> [What you are asked to do] For any picture in the lines below, please leave it out and copy the rest exactly.

> [Data provided]
======
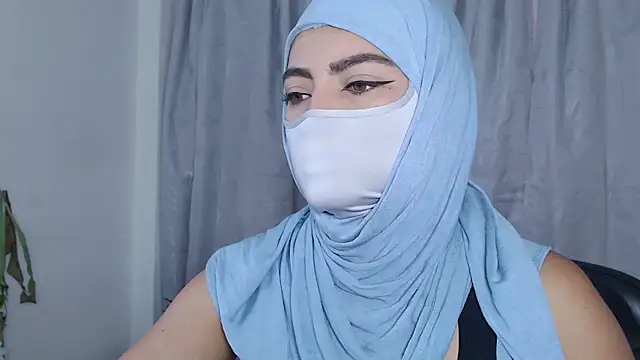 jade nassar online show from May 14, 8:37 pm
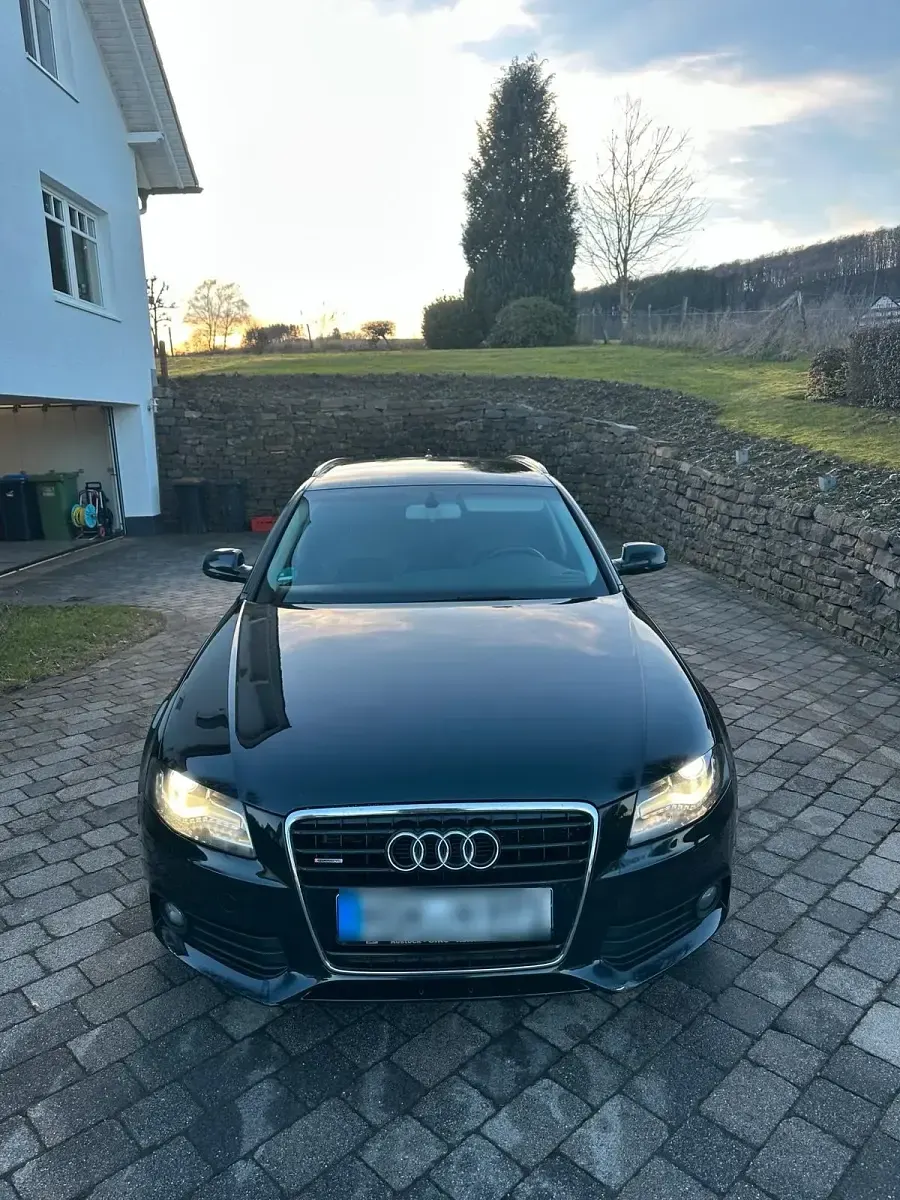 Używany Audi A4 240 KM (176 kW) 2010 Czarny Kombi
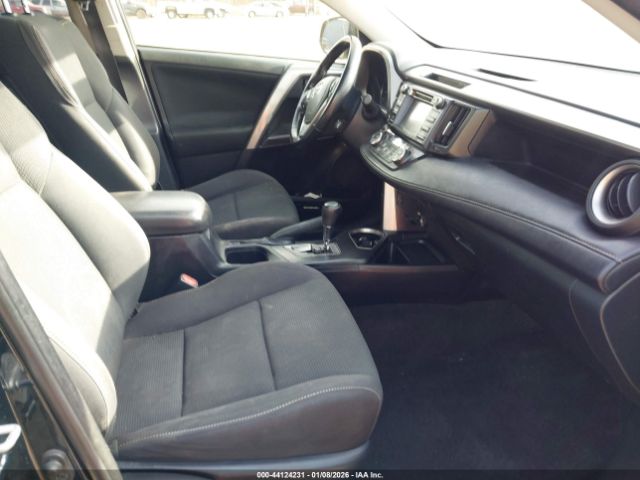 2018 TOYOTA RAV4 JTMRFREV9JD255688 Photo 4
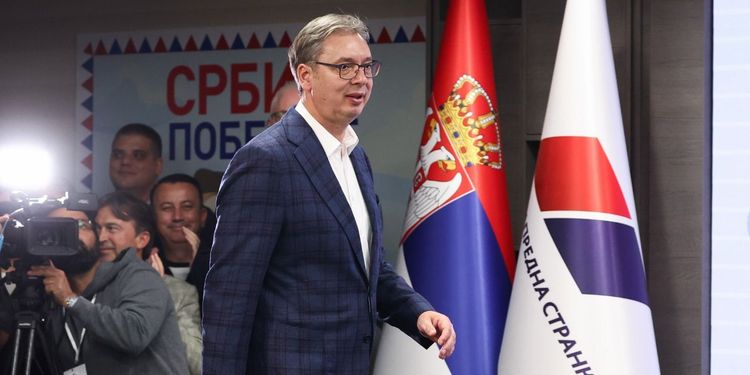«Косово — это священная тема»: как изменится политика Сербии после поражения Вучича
======
> [Result for this task]
 jade nassar online show from May 14, 8:37 pm
 Używany Audi A4 240 KM (176 kW) 2010 Czarny Kombi
 2018 TOYOTA RAV4 JTMRFREV9JD255688 Photo 4
«Косово — это священная тема»: как изменится политика Сербии после поражения Вучича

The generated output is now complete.